There are two primary levels of statistics the planner uses for pruning:

Partition-level stats: Stored in the Iceberg manifest list, these stats describe the range of partition values for all the data in a given Iceberg manifest file. For a partition on day(event_timestamp), this would be the earliest and latest day present in the files tracked by that manifest.

Column-level stats: Stored in the manifest files, these are more granular stats about each individual data file. Data files in R2 Data Catalog are formatted using the Apache Parquet. For every column of a Parquet file, the manifest stores key information like:

The minimum and maximum values. If a query asks for http_status = 500, and a file’s stats show its http_status column has a min of 200 and a max of 404, that entire file can be skipped.
A count of null values. This allows the planner to skip files when a query specifically looks for non-null values (e.g., WHERE error_code IS NOT NULL) and the file's metadata reports that all values for error_code are null.

Now, let's see how the planner uses these stats as it walks through the metadata layers.

Pruning the search space

The pruning process is a top-down investigation that happens in three main steps:

Table metadata and the current snapshot

The planner begins by asking the catalog for the location of the current table metadata. This is a JSON file containing the table's current schema, partition specs, and a log of all historical snapshots. The planner then fetches the latest snapshot to work with.

2. Manifest list and partition pruning

The current snapshot points to a single Iceberg manifest list. The planner reads this file and uses the partition-level stats for each entry to perform the first, most powerful pruning step, discarding any manifests whose partition value ranges don't satisfy the query. For a table partitioned by day(event_timestamp), the planner can use the min/max values in the manifest list to immediately discard any manifests that don't contain data for the days relevant to the query.

3. Manifests and file-level pruning

For the remaining manifests, the planner reads each one to get a list of the actual Parquet data files. These manifest files contain more granular, column-level stats for each individual data file they track. This allows for a second pruning step, discarding entire data files that cannot possibly contain rows matching the query's filters.

4. File row-group pruning

Finally, for the specific data files that are still candidates, the Query Planner uses statistics stored inside Parquet file's footers to skip over entire row groups.

The result of this multi-layer pruning is a precise list of Parquet files, and of row groups within those Parquet files. These become the query work units that are dispatched to the Query Execution system for processing.

The Planning pipeline

In R2 SQL, the multi-layer pruning we've described so far isn't a monolithic process. For a table with millions of files, the metadata can be too large to process before starting any real work. Waiting for a complete plan would introduce significant latency.

Instead, R2 SQL treats planning and execution together as a concurrent pipeline. The planner's job is to produce a stream of work units for the executor to consume as soon as they are available.

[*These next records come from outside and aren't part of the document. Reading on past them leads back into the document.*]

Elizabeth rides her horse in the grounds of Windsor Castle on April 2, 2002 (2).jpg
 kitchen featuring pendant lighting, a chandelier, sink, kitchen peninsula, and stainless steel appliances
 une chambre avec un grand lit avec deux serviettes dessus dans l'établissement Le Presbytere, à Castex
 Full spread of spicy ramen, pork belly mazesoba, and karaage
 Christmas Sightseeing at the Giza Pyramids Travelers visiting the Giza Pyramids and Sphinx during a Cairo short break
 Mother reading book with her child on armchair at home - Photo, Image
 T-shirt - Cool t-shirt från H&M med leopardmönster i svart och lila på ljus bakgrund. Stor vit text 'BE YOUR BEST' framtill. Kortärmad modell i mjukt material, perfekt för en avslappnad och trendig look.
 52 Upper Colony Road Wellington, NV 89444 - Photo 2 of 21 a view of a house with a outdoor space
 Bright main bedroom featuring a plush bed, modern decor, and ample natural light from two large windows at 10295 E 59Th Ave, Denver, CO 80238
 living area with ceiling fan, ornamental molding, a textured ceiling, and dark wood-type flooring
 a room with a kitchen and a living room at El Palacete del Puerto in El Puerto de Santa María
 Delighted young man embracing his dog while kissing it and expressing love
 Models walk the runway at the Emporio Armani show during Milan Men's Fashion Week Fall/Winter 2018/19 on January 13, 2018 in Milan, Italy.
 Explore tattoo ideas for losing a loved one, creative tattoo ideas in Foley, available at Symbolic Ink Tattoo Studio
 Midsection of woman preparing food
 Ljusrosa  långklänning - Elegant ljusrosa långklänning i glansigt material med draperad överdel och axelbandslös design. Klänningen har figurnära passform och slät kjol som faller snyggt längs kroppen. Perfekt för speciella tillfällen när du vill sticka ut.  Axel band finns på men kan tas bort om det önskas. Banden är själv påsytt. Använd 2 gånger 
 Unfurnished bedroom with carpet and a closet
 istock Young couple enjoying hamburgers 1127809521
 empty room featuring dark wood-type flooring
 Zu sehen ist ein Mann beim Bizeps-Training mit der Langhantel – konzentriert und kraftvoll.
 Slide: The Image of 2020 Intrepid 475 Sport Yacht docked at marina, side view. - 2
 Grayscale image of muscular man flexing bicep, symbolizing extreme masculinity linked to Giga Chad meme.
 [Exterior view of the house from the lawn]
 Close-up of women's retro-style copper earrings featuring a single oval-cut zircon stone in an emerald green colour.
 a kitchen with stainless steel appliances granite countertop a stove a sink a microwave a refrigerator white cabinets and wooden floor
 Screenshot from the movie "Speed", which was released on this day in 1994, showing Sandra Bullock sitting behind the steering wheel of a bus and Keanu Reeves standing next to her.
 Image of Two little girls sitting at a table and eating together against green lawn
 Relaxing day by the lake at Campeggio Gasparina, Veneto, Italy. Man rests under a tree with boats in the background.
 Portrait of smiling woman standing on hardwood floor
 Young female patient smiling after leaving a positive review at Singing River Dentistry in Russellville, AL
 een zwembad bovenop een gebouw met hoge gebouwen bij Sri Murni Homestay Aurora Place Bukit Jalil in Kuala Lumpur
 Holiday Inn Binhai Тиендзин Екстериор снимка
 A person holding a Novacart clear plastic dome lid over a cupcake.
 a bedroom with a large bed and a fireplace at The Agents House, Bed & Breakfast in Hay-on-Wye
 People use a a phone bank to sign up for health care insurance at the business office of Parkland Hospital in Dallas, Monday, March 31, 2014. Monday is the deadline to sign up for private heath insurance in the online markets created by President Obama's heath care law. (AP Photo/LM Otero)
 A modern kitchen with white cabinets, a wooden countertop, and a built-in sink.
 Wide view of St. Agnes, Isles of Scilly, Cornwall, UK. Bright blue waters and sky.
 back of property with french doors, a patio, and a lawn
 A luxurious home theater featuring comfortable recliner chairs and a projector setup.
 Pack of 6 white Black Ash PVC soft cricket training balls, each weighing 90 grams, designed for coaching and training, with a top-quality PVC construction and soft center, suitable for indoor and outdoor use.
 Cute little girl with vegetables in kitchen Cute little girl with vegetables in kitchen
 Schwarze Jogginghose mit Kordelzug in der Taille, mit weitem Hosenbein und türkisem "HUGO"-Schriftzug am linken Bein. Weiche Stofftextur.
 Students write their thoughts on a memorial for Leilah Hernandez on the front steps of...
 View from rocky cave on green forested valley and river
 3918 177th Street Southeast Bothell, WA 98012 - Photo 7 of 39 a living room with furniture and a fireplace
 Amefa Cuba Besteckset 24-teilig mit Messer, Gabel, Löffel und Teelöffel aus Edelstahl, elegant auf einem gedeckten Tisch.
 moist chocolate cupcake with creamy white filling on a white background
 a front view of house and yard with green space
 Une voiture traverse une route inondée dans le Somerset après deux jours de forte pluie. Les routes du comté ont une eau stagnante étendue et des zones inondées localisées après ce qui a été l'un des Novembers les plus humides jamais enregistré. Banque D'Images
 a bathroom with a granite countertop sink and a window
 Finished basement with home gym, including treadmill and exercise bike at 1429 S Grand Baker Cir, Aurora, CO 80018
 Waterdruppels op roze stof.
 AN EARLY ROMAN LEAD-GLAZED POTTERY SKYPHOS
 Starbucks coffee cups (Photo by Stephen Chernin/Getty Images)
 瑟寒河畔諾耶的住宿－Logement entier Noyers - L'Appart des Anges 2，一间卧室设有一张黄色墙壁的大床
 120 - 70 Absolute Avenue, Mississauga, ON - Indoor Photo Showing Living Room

The planner’s investigation begins with two fetches to get a map of the table's structure: one for the table’s snapshot and another for the manifest list.

Starting execution as early as possible

From that point on, the query is processed in a streaming fashion. As the Query Planner reads through the manifest files and subsequently the data files they point to and prunes them, it immediately emits any matching data files/row groups as work units to the execution queue.

This pipeline structure ensures the compute nodes can begin the expensive work of data I/O almost instantly, long before the planner has finished its full investigation.

On top of this pipeline model, the planner adds a crucial optimization: deliberate ordering. The manifest files are not streamed in an arbitrary sequence. Instead, the planner processes them in an order matching by the query's ORDER BY clause, guided by the metadata stats. This ensures that the data most likely to contain the desired results is processed first.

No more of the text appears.